Manang Teletubby came from a poor family. Her husband was a military man who owned a small plot of land where the family cultivated rice and other vegetables in the next town over, Magalang. They lived with their children and relatives, as well as several other poor families, right next to this rice field in simple native style nipa huts and shabby corrugated tin roofed shacks
One day Manang Teletubby and my wife got to chatting about pigs. Next thing I know, my wife, with the help of Manang Teletubby’s family, decided to buy three female pigs. She already had them and they were being kept at Manang Teletubby’s small village by the side of the rice field. The folks there were going to feed the pigs and look after them. When the babies were born they would get half of the litter, while my wife would have a growing, cash business.
At first, of the three pigs, two of them were mere babies, so they were tied to a tree. The other female, though, was already a huge, hairy pink beast. For her Au had the men build a small pen made of concrete hollow blocks.
About once a week Au visited the pigs to check up on them and sometimes I joined her. She said it wouldn’t be long before big Miss Piggy was ready to mate. Sure enough one day a call came from the caretaker who said that the female was indeed ready, willing and very able. I knew this was one event I didn’t want to miss.
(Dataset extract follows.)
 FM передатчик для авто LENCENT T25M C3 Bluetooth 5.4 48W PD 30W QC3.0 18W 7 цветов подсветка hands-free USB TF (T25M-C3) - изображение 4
We drove out to the rice field in Magalang and as soon as we showed up somebody ran across the field to fetch the man who owned a male stud. As we waited around the small village by the rice field, children ran everywhere, ducks scampered on the dirt and azkal dogs and puppies played with each other. And then we saw him saunter from behind a tin roofed shack.
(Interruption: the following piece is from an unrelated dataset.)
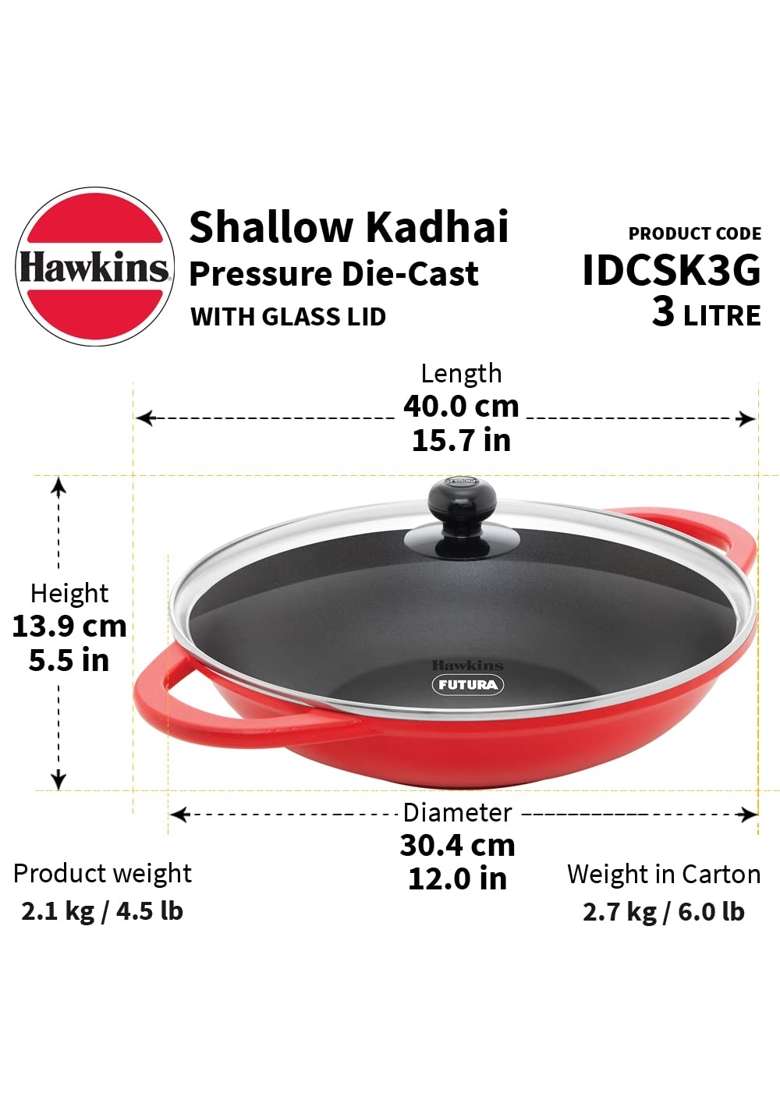 Hawkins Shallow Kadhai Wok | 3 L | 3.2 Qt | Induction Compatible | Non-Stick | With Lid - Indya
He was a massive black and brown spotted behemoth, a veritable giant. My jaw fell open at the sheer size of this creature. The owner had tied a rope around his neck and pulled him across the field towards the pig pen. A small brown skinned shirtless boy walked in back, whacking the pig’s butt with a stick so he would keep moving. As the pig was about halfway across the field, I noticed something hanging off his rear end.
“Hey, what’s that hanging off his butt there?” I asked my wife. My first thought was that it was one of those bags that they tie onto the back of big animals so that they don’t crap all over peoples’ doorsteps.
“Wait,” I said astonished. “That’s not a bag. Those are his balls!!! How does he walk?”
“Oh my God!” my wife shrieked.
“This is going to be good!” I yelped. I immediately dubbed this monster “Boom Boom Babs,(Babs being short for Baboy, the Filipino word for pig), or Triple B for short. Triple B nearly made it all the way across the field to where we stood, then decided he didn’t want to go any further. The owner pulled and the kid pushed and whipped but Triple B wouldn’t budge. Seeing as there were about 25 people standing around waiting for his performance, I thought for a moment he had gotten a case of stage fright. Several other guys tried to push him but still he wouldn’t go. He just snorted and wiggled and stood there. Then he decided to jump off the bank of the field and into the murky water of the rice field, where he proceeded to roll himself in the mud. Finally after several minutes of pushing, pulling and whipping the guys managed to get Triple B moving.
All this time Miss Piggy had no idea what was going on or of the tumultuous fate that awaited her. She was stuck in the hollow-block pen and could not see over the wall. But it wasn’t long before she met her date for the morning. The boys opened the gate to the pen and pushed Boom Boom inside and quickly shut the gate. Practically the whole village, including lots of children, gathered around the low hollow block wall of the pig pen to watch the proceedings. Giggling, laughing and excitement, as well as pig snorts, filled the sultry morning air.
Let me tell you something about pigs. They don’t know from introductions, romance, sweet talk, courting, acting like ladies and gentlemen or nothing of the sort. They just carry on like…like….well, like pigs, of course!! It took about one second for all hell to break loose inside that pen. Boom Boom took one whiff of the scent in that pen—which frankly smelled like fermented crap--and went on the attack. Miss Piggy got so terrified that she emptied her bladder. This only served to drive Triple B into a frenzy. He immediately lapped the liquid off the floor then wasted nary a second and jumped on the back of Miss Piggy.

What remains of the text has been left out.